- [WORK TO BE COMPLETED] Produce as output only the lines below starting at the line with "According to statistics" and continuing through the line with "前田工繊に大量保有報告書を出している投資家の保有比率比較", each one exactly as written.
═══ EXERCISE DATA
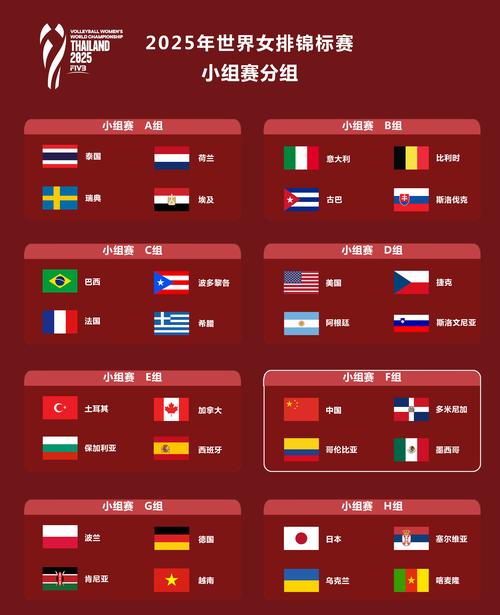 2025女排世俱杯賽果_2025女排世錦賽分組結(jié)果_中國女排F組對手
══════
═══ EXERCISE DATA
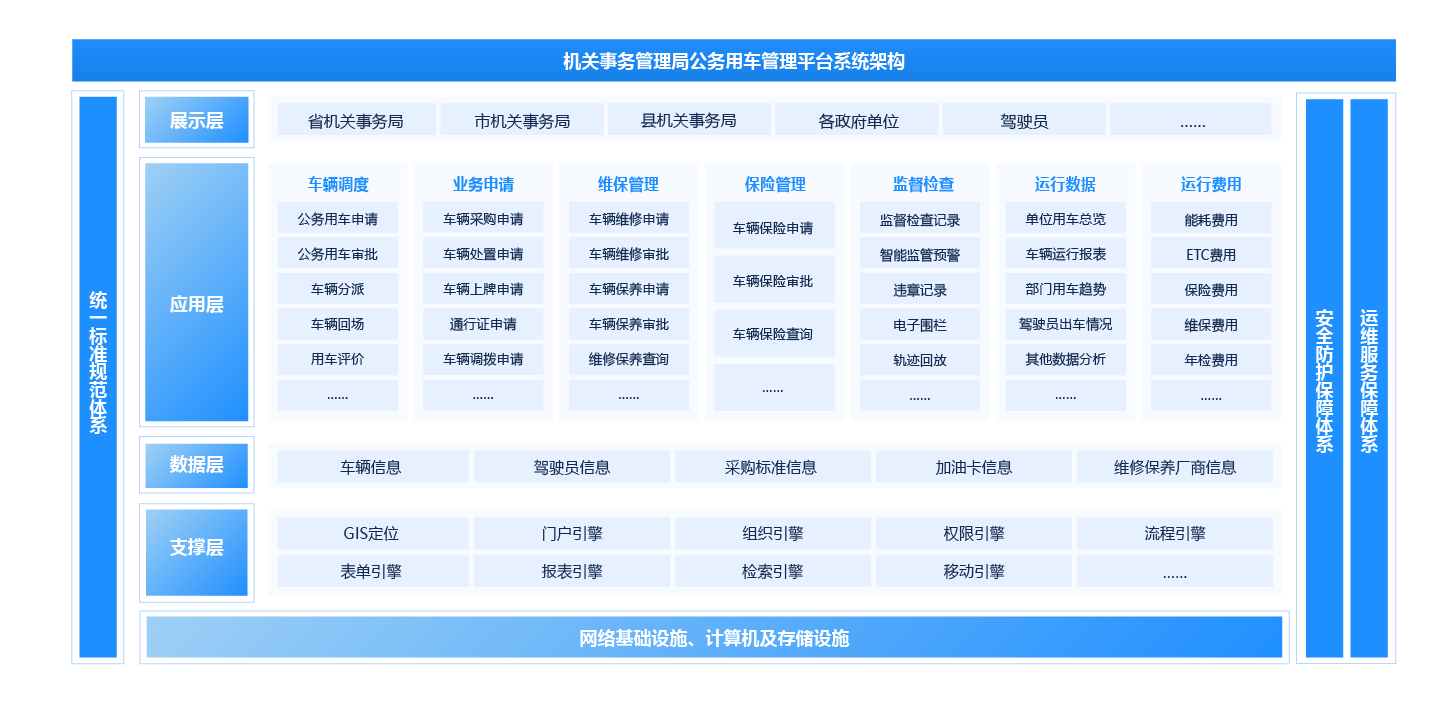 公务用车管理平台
══════
═══ EXERCISE DATA
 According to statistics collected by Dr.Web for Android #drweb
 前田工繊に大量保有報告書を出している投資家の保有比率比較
══════
- [WRITTEN ANSWER]
 According to statistics collected by Dr.Web for Android #drweb
 前田工繊に大量保有報告書を出している投資家の保有比率比較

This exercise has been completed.